The volatile keyword is what is known as a type qualifier and one that doesn’t make a lot of sense when one is programming only in the software world – most of the time. But for programmers who deal with hardware it is a “must know” tool in the software toolbox.
In the previous blog, we looked at using signals for inter-process communication. We also had a program that replaced the system’s default signal handler for the SIGUSR1 signal.
An important thing to understand is – if we are going to distribute the program we are writing for others to use, it is a good idea to distribute an optimized version of the program so that when the user uses it, its performance will be fast (and also the size of the executable file should be small).
To get an optimized version of our program, we tell the compiler that we want the executable produced at the compilation to be optimized based on the option specified. Different levels of optimization can be specified while compiling.

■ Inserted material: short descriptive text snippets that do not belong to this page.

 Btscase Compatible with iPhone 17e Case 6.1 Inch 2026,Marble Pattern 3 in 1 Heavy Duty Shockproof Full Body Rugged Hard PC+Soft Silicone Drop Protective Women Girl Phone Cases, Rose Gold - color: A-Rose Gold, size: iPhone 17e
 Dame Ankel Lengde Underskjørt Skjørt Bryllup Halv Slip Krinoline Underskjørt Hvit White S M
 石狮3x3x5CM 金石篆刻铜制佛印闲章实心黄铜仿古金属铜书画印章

With gcc/clang the way to specify that we want optimization we have to use the -O option with an integer value 1 to 3. If the option used is -O1, we will get minimal optimization, and with -O3 a lot of optimization will be done, but the compilation process is likely to take a longer time and the generated code size might be bigger (there is also an option called -Ofast which tries to optimize the code more than even -O3, but may violate a few of language standards as per the manual page). Obviously -O2 gives optimization somewhere between -O1 and -O3.
The code shown below is the code we looked at in the blog about the signal () function and the kill command/system call.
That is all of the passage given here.